Recommended – WinMagic recommends this service release for all environments. Apply this update at your earliest convenience.
MagicEndpoint Client and IdP Documentation can be accessed at:
ME 1.4 (Current)
November 11, 2023
Updates, improvements, new features
March 2, 2023
Updates, improvements, new features
December 9, 2022
Updates, improvements, new features
July 20, 2022
|Updates, improvements, new features|
March 31, 2022
Initial Release of MagicEndpoint and
Client OS Support
In this initial version, only Windows devices are supported.
Devices utilizing MagicEndpoint authentication must have Windows 10 or Windows 11 – Windows 7 is not supported.

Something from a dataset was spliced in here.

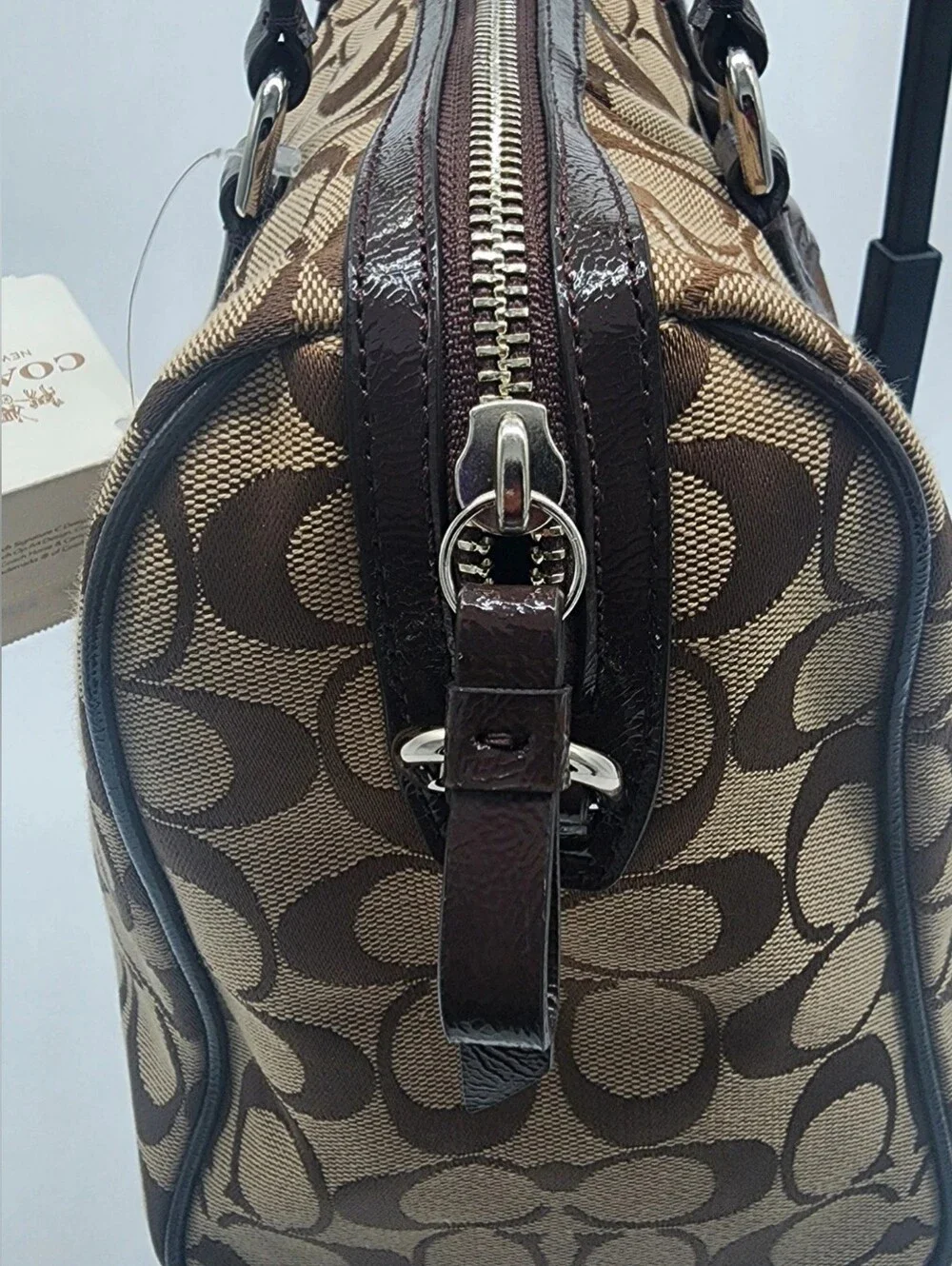 Coach Nancy Signature Stripe Satchel Brown Khaki NWT F28505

NOTE: This version does not support direct upgrade on top of a previous version. Existing customers having previous versions of MagicEndpoint installed should a) Uninstall the MagicEndpoint client, then b) Install this version, then c) Clear their Internet Browser’s cache before attempting to use MagicEndpoint for authentication.
New customers should deploy this version. Existing customers who had been testing MagicEndpoint 1.0, 1.1, 1.2, or 1.3, or the same product under pre-release/Beta names like FIDO Eazy Diamond/3.0/Enterprise or SecureDoc Passwordless Authentication and who wish to explore new and updated functionality in this version should install this service release per the recommendation above.

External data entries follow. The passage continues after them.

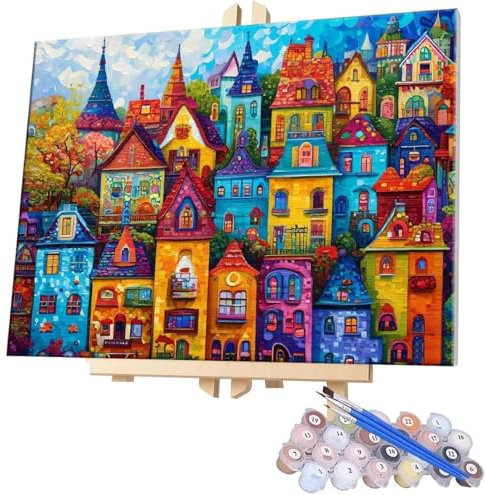Paint by Numbers for Adults DIY Paint by Numbers Urban Landscape for Beginners Painting by Numbers on Canvas DIY Acrylic Paints Set Paint by Numbers Kits for Adults Perfect for Gifts Decor 28x36in G37
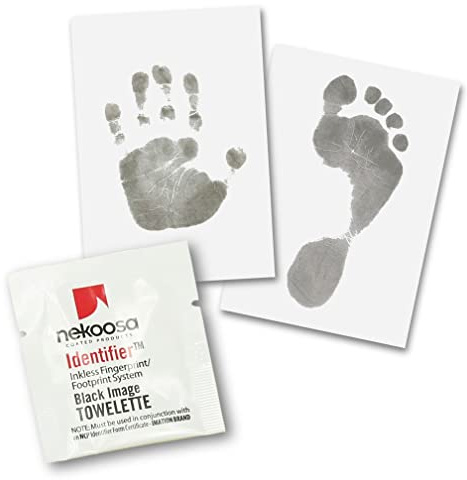 10 Magic Footprint Spezial Sets für Fußabdruck und Handabdruck von Neugeborenen, Babys und Kleinkindern bis hin zu Erwachsenen (10 x Wischtücher / 52 x Spezialpapier)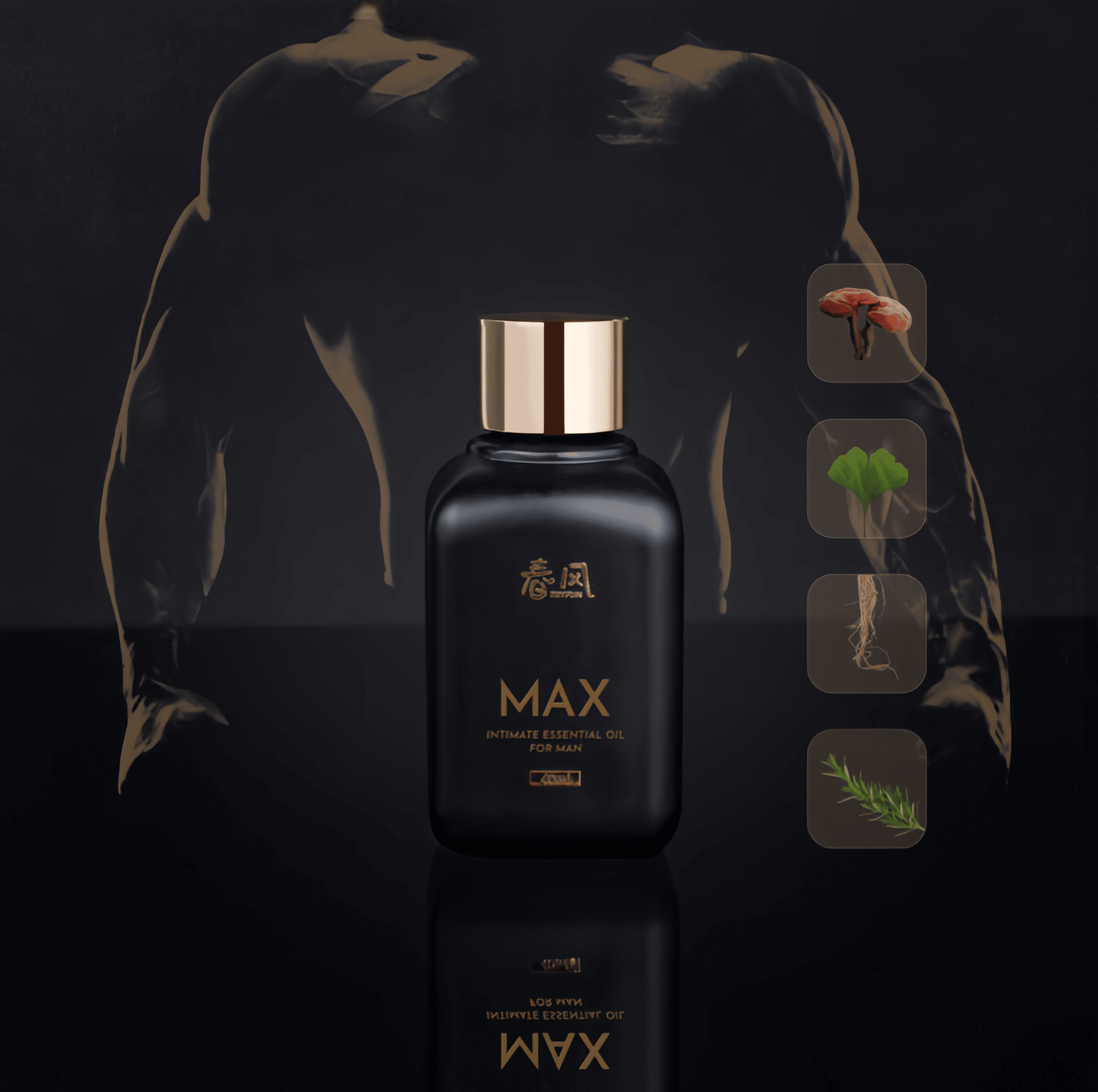 Spring Wind TRYFUN MAX Men's Intimate Massage Oil - A natural plant formula containing extracts from dozens of rare plants, including reishi mushroom, ginkgo biloba, and ginseng root, for gentle nourishment without irritation.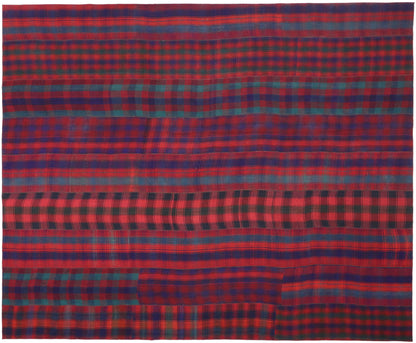 13 x 16 Vintage Kilim Tartan Plaid Rug 60815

User Interface (UI) for IdP-Initiated Single Sign-On (SSO)
Description: Enhancing the IDP Home Page and Configuration by incorporating a User Interface (UI) for IDP-initiated Single Sign-On (SSO).

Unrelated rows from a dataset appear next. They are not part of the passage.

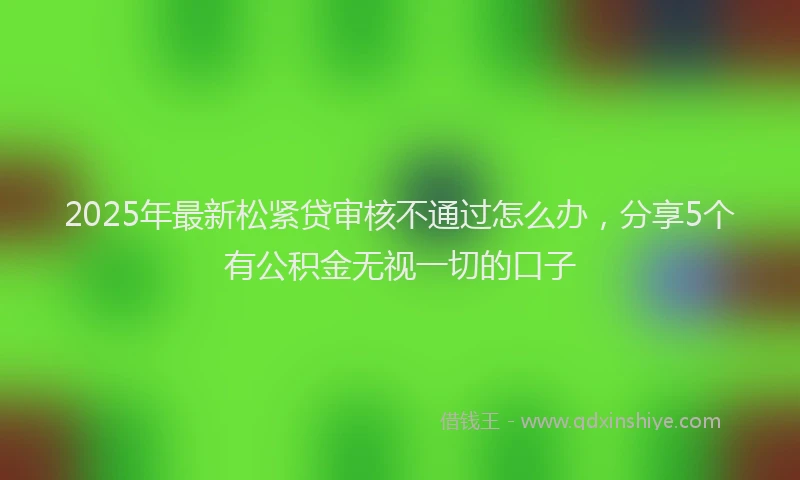 2025年最新松紧贷审核不通过怎么办，分享5个有公积金无视一切的口子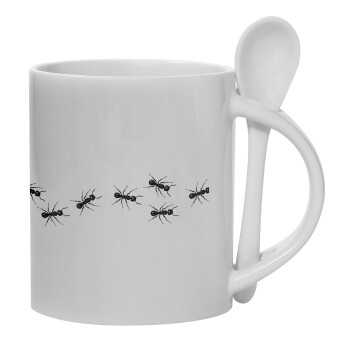 Ants, Ceramic coffee mug with Spoon, 330ml (1pcs)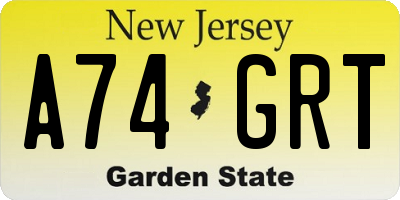 NJ license plate A74GRT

Solution: The latest features include an "IDP-initiated SSO" option in the Service Provider (SP) configuration and a new "Service Providers" section on the Home Page. The Service Providers Table now exclusively lists IDP-initiated SPs, displaying only those allowed for non-admin users based on group configurations. Clicking on a specific SP in the table initiates the SAML Single Sign-On (SSO) process.
Affected tickets: SD-45281
Upon re-logging into ME via the system tray in BLE RMO, ME necessitates the use of the SD password instead of BLE.
Issue: Instead of utilizing Bluetooth, ME mandates the use of the SD password for re-login after logging out with the RMO package.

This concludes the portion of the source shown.